Trace amines are the first endogenous products characterized as TAAR1 agonists (Borowsky et al. 2001). Trace amines were named because of their much lower concentration (< 10 ng/g tissue) that are at least 100-fold lower than canonical biogenic amines like dopamine, epinephrine, norepinephrine, and serotonin in the brain (Berry 2004; Boulton 1974). Trace amines and classical biogenic amines have similar structures and pharmacologic properties. Their biosynthesis and metabolism pathways are also very alike, utilizing the same aromatic l-amino acid decarboxylase (AADC) and Monoamine oxidase (MAO) enzymes (Cichero and Tonelli 2017b). Since the two groups independently discovered TAAR1 in 2001, people have realized that trace amines are high-affinity TAAR1 agonists (Borowsky et al. 2001; Bunzow et al. 2001). Those trace amines consist of β-phenylethylamine, para-tyramine, tryptamine, and para-octopamine. In the heterologous cell lines, β-phenylethylamine and para-tyramine activate TAAR1 from different species (mouse, rat, and human) with the lowest EC50 in the range of 0.1–1 μM (Fig. 2). However, EC50 values for tryptamine and para-octopamine are 0.4–21 μM and 2–20 μM, respectively (Fig. 2). Trace amines can regulate the dopaminergic, serotoninergic, and adrenergic systems in the brain (Berry 2004). In addition, trace amines can function in the peripheral organs to regulate vasoconstrictor and vasodilator responses (Anwar et al. 2012; Broadley et al. 2013), induce gastrin release (Dial et al. 1991), and enhance the ability of microbiota to adhere to epithelial cells (Fernandez de Palencia et al. 2011; Luqman et al. 2018). However, it is still unclear if those effects of trace amines are mediated by TAAR1.

Other Endogenous Ligands

Apart from trace amines, TAAR1 can also be activated by a range of endogenous molecules including thyroid hormone-derivative T1AM and 3-MT (Panas et al. 2010; Scanlan et al. 2004; Sotnikova et al. 2010). Besides, classical biogenic amines such as dopamine and serotonin are able to activate TAAR1, although in a much less potent manner (Fig. 2) (Borowsky et al. 2001).

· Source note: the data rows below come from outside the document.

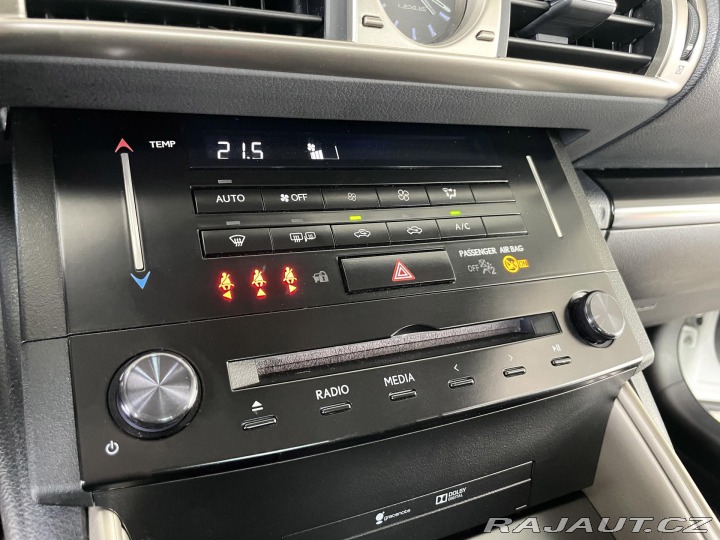 Lexus Ostatní modely IS 300h IS 300h*AUT*Hybrid*Kamera 2014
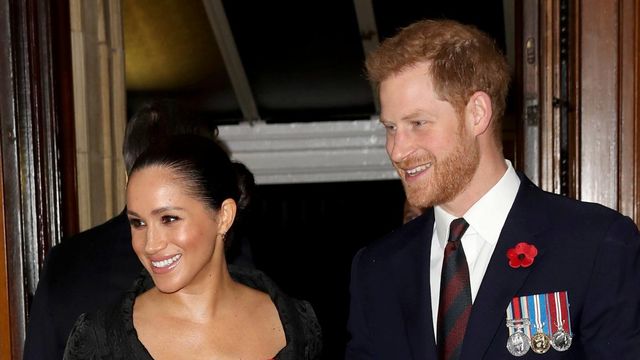 Pangeran Harry dan Meghan Markle saat menghadiri Festival Peringatan Legiun Kerajaan Inggris di Royal Albert Hall di London, Inggris. Foto: REUTERS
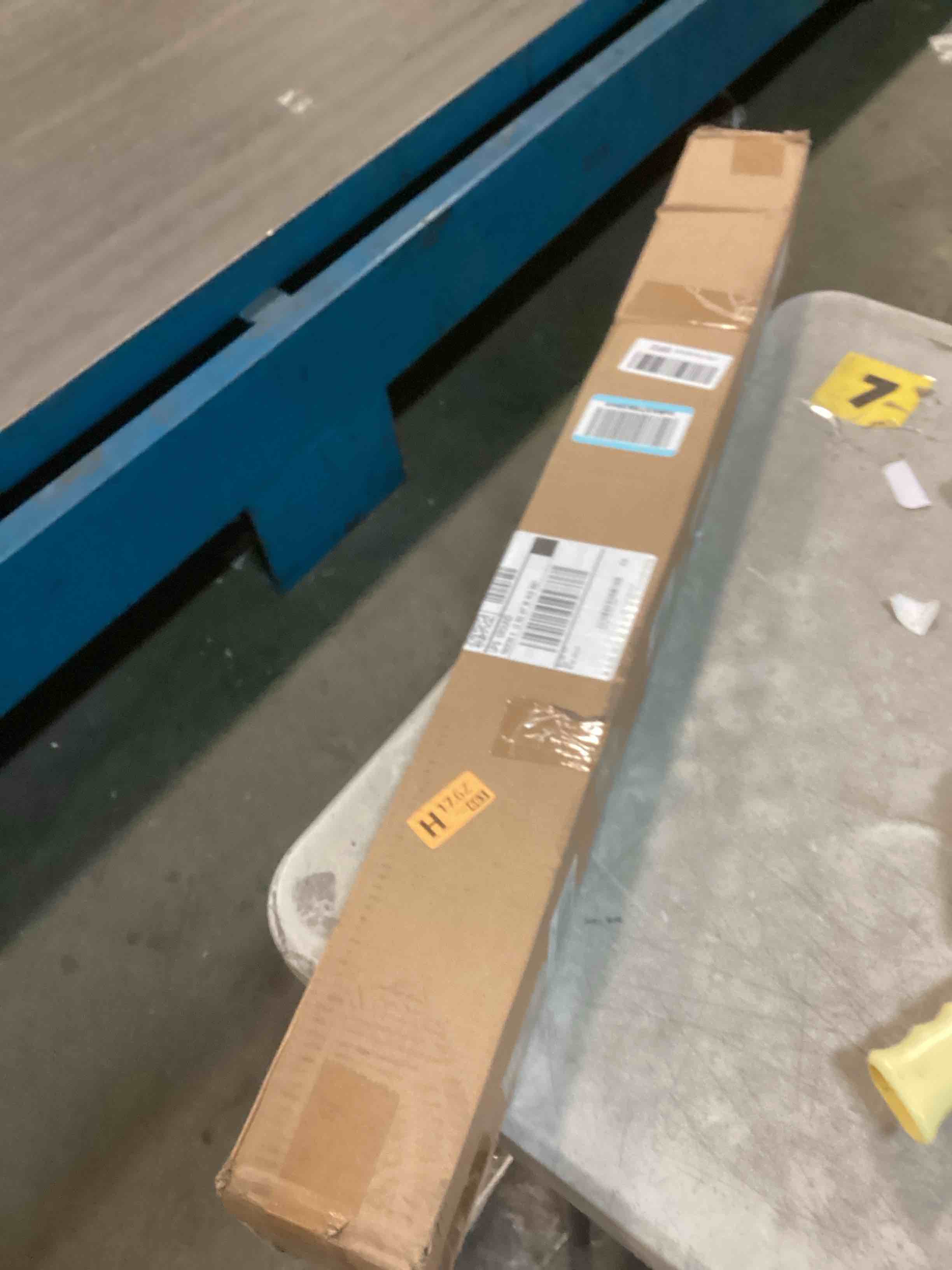https://s3.amazonaws.com/lotting-images-prod/bidfta/PPE1838907_1736452432276.jpeg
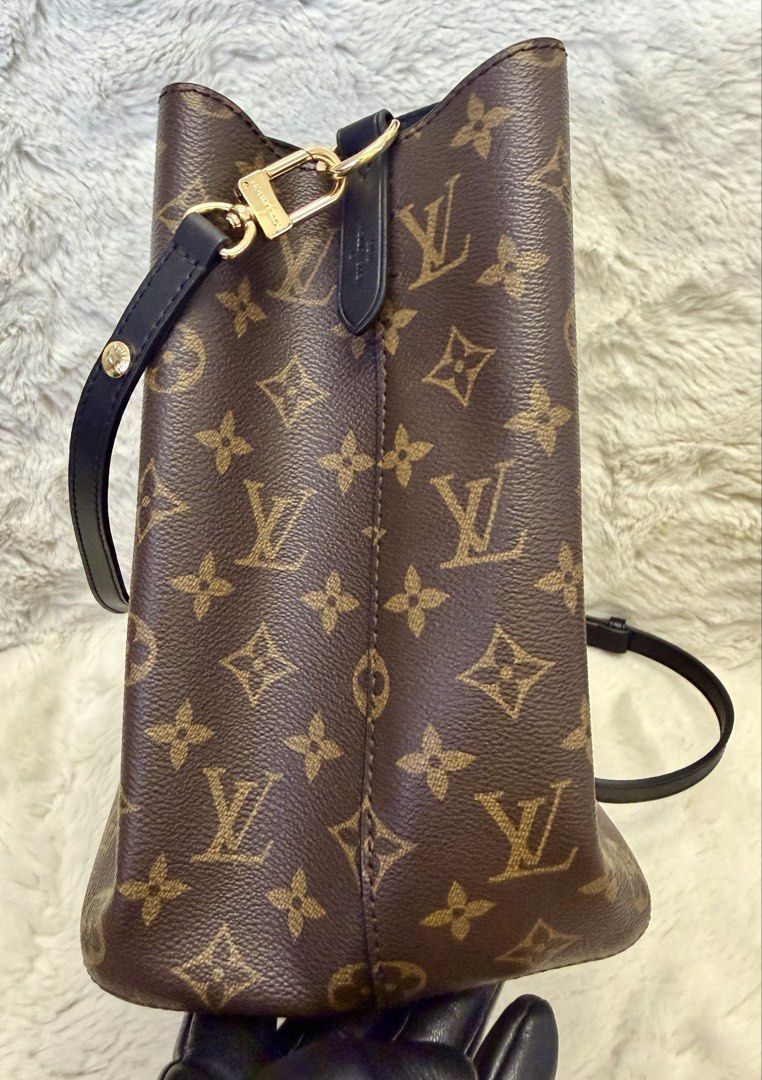 *ONHAND!* LV Neo Noe PM Sling Bag (Category: Cross-body Bags) located in Manila. Submitted by mrsmdxbseller (Listing ID 1465377009, Image 3). Description: .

Like trace amines, T1AM is present in many rodent tissues (heart, liver, kidney, white adipose, skeletal muscle, stomach, lung, and brain) as well as human blood at nanomolar levels (Assadi-Porter et al. 2018; Hoefig et al. 2011; Saba et al. 2010; Zucchi et al. 2014). It can affect learning, memory, pain perception, sleep, thermoregulation, energy metabolism, neuroprotection, and neuromodulation (Kohrle and Biebermann 2019). T1AM is high-affinity agonist of TAAR1 with EC50 range from 0.01 to 1.7 μM (Fig. 2) (Scanlan et al. 2004). However, TAAR1 is not the sole target of T1AM. It has been reported that T1AM acts as an inverse agonist for human TAAR5 (Dinter et al. 2015c). It also activates TAAR2 (Babusyte et al. 2013; Cichero and Tonelli 2017a), and other transmembrane receptors, such as α2A adrenergic receptors (Dinter et al. 2015a, b), β-adrenergic receptors (Dinter et al. 2015a; Kleinau et al. 2011), and muscarinic acetylcholine receptors (Laurino et al. 2016). Thus, the promiscuous nature of T1AM calls for further careful investigation into the involvement of its targets including TAAR1.

Psychostimulant Drugs

Psychostimulant drugs like amphetamines, methamphetamine (METH), and numerous ergoline derivatives are also potent agonists for TAAR1 (Bunzow et al. 2001; Simmler et al. 2016). Amphetamine, i.e., alpha-methylphenethylamine, has an extra methyl group compared to β-phenylethylamine. It has been used for treatment of attention deficit hyperactivity disorder (ADHD) and narcolepsy (Heal et al. 2013). The primary actions of amphetamine are to promote monoamine release, inhibit monoamine reuptake, and probably inhibit MAO, which in turn increase the synaptic concentrations of catecholamines including norepinephrine and dopamine (Heal et al. 2013). The effects of amphetamine on reward, cognition, and physical performance result in amphetamine abuse and addiction (Clemow and Walker 2014; Rickli et al. 2019). Amphetamine might act on TAAR1 to activate Gαs pathway and phosphorylate monoamine transporter such as dopamine transporter (DAT), leading to its internalization and ceased transport (Bunzow et al. 2001; Miller 2011). Behaviorally, knockout of TAAR1 in mice leads to locomotor supersensitivity induced by amphetamine, although the connection to regulation of monoamine system is undetermined and needs further investigation (Achat-Mendes et al. 2012; Lindemann et al. 2008).

Synthetic TAAR1 Agonists

In addition to the endogenous amines, there are plenty of synthetic compounds targeting TAAR1 for therapeutic application. Considering that many of the endogenous TAAR1 ligands have other targets, it is necessary to search and design specific TAAR1 agonists to decipher and specifically modulate the function of TAAR1. Different synthetic substances have been screened by F. Hoffmann-La Roche Ltd., leading to the identification of five selective agonists for TAAR1. Those agonists include RO5166017 [(S)-4-[(ethyl-phenyl-amino)-methyl]-4,5-dihydro-oxazol-2-ylamine], RO5073012 [(4-chloro-phenyl)-(3H-imidazol-4-ylmethyl)], RO5203648 [(S)-4-(3,4-Dichloro-phenyl)-4,5-dihydro-oxazol-2ylamine], RO5256390 [(S)-4-((S)-2-phenyl-butyl)-4,5-dihydro-oxazol-2-ylamine], and RO5263397 [(S)-4-(3-fluoro-2-methyl-phenyl)-4,5-dihydro-oxazol-2-ylamine] (Galley et al. 2012; Revel et al. 2011, 2012, 2013). On the other hand, a selective TAAR1 antagonist, N-(3-Ethoxyphenyl)-4-pyrrolidin-1-yl-3-trifluoromethyl-benzamide (EPPTB), was described in 2009 (Bradaia et al. 2009).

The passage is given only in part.